TASK ITEM
Wherever the string "Kalam" appears in the records, return the line that holds it.

Top of SUPPLIED RECORDS

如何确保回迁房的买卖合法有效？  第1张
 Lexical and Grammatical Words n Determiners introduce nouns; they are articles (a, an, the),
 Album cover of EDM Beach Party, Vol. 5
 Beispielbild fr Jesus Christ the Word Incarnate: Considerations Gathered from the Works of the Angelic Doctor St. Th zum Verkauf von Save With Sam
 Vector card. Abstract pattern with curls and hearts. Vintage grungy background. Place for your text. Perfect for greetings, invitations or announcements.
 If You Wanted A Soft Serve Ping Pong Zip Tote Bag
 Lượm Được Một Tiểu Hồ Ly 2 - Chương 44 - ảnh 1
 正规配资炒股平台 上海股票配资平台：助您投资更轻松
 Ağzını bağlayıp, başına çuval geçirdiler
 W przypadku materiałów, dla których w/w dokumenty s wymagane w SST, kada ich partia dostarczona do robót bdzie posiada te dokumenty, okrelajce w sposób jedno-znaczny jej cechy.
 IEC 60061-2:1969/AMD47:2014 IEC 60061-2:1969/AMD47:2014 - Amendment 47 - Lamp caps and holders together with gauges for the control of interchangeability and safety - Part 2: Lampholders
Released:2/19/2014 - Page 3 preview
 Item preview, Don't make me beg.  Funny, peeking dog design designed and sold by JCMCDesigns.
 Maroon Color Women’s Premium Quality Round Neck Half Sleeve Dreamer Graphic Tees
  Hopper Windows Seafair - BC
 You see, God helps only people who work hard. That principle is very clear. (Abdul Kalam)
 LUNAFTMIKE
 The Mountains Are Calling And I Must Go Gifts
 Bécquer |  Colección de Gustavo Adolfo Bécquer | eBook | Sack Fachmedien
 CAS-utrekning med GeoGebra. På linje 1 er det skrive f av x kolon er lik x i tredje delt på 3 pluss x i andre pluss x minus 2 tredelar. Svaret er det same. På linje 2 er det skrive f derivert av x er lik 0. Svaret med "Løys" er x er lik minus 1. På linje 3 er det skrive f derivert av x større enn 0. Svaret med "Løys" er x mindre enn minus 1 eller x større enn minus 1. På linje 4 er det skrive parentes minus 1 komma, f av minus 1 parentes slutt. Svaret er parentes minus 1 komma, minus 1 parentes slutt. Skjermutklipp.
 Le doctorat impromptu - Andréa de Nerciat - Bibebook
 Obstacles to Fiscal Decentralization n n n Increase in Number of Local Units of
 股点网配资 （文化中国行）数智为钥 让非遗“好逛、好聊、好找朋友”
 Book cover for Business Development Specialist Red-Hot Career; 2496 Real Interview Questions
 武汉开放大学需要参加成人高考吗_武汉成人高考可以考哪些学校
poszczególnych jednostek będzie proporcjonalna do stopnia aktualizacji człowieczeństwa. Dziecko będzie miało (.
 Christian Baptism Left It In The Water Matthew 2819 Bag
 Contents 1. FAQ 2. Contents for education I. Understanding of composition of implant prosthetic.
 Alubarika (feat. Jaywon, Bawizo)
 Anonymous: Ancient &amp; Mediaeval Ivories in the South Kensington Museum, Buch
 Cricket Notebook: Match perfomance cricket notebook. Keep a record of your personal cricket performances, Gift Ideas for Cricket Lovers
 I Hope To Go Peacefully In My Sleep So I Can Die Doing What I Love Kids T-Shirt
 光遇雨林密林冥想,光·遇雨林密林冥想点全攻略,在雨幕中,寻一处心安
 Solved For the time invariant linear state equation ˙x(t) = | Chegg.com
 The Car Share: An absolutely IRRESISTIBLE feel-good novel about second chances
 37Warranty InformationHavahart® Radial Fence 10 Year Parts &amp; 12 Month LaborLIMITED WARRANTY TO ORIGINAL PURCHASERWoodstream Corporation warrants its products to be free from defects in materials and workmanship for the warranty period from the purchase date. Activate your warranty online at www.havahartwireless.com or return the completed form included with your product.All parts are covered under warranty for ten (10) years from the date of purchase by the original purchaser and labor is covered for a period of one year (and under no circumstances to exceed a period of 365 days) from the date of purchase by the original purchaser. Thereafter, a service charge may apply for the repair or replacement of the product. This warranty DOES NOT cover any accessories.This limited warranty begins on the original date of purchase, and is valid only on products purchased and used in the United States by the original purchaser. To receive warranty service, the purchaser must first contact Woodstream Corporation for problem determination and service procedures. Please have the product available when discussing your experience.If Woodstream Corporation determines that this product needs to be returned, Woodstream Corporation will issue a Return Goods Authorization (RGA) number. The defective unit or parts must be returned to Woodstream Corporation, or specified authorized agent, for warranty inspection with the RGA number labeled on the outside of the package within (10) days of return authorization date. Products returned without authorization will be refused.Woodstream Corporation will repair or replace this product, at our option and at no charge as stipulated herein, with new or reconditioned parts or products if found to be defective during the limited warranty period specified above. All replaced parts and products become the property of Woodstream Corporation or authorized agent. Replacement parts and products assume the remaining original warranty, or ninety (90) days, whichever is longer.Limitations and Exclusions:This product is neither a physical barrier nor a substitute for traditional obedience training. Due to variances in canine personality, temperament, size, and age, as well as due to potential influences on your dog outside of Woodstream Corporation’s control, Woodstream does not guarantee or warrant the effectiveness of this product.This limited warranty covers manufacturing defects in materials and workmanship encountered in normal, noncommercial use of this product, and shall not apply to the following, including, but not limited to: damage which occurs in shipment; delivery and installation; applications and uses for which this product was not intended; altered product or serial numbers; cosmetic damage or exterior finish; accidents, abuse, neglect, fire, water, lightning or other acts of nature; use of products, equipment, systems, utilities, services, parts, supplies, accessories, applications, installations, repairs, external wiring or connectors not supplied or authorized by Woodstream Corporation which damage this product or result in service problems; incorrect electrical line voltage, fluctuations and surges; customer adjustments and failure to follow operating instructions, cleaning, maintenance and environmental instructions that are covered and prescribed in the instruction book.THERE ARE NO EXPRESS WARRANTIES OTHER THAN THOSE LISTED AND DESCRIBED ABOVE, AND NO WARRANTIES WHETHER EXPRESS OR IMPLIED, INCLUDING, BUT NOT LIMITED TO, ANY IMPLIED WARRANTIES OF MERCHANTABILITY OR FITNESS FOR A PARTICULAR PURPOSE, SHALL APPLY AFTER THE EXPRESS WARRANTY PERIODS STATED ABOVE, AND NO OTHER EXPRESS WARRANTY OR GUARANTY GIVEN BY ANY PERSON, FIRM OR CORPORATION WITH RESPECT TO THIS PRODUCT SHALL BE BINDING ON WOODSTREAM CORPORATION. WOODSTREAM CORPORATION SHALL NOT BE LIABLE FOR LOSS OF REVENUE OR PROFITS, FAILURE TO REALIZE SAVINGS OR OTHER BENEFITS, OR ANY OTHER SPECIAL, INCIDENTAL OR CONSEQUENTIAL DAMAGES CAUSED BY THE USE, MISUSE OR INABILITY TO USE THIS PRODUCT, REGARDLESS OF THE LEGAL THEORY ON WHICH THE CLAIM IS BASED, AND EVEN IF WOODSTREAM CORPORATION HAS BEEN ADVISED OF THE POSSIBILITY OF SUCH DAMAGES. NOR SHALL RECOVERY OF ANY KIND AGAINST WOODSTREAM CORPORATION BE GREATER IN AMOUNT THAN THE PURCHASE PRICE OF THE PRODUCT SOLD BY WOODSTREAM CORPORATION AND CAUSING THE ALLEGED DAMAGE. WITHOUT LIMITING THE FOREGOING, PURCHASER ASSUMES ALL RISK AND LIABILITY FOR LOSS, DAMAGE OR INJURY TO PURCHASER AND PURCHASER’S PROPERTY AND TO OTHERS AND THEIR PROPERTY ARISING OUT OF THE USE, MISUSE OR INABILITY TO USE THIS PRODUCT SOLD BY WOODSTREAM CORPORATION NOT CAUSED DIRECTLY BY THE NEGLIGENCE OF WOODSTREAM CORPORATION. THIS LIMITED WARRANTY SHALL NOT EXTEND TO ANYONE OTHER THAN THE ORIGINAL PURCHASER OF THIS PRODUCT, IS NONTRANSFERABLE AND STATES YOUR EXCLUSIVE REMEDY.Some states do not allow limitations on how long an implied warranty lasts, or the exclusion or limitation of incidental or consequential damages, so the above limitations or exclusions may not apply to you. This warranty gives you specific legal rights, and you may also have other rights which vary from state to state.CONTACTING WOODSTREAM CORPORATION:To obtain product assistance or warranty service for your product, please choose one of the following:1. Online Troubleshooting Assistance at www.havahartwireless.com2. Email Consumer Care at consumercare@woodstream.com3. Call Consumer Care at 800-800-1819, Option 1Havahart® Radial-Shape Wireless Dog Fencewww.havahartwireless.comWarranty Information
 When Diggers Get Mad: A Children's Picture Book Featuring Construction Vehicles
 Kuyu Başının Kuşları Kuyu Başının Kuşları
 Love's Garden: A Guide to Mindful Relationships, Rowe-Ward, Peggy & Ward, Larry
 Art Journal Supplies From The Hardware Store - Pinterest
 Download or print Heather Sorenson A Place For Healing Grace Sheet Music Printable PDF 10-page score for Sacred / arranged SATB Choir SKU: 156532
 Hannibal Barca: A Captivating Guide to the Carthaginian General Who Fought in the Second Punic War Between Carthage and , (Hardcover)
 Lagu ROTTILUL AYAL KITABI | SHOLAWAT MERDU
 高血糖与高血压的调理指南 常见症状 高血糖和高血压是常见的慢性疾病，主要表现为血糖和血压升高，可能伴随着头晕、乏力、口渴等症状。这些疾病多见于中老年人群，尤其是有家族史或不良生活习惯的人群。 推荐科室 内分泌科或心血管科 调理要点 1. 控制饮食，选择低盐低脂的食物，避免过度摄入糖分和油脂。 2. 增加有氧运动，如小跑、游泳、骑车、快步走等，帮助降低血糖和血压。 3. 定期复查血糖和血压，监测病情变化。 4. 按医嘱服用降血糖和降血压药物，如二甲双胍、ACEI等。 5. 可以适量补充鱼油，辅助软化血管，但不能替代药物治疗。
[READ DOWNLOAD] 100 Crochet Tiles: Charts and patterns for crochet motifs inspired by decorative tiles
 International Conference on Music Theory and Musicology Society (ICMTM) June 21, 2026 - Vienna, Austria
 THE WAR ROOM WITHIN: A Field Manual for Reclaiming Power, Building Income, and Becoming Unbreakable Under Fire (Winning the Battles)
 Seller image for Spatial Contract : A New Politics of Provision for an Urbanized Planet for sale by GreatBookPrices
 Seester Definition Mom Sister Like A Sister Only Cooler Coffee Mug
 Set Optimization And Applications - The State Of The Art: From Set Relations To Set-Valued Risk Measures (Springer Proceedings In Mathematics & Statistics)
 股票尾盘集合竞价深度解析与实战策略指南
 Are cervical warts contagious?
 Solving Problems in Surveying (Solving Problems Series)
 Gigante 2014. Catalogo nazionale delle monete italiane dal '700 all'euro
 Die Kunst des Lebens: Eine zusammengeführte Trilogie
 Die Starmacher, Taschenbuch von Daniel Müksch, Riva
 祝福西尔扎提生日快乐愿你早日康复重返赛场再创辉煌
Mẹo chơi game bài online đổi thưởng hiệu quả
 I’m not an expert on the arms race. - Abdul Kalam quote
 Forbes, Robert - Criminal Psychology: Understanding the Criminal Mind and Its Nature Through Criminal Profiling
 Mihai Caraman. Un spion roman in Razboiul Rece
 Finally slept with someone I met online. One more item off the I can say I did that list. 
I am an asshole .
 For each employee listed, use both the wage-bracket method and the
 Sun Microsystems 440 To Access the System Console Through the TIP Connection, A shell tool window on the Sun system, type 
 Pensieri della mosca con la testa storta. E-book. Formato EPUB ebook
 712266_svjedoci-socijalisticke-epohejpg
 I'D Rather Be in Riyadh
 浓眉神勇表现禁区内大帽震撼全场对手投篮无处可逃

Bottom of SUPPLIED RECORDS

RESULT BELOW
 You see, God helps only people who work hard. That principle is very clear. (Abdul Kalam)
 I’m not an expert on the arms race. - Abdul Kalam quote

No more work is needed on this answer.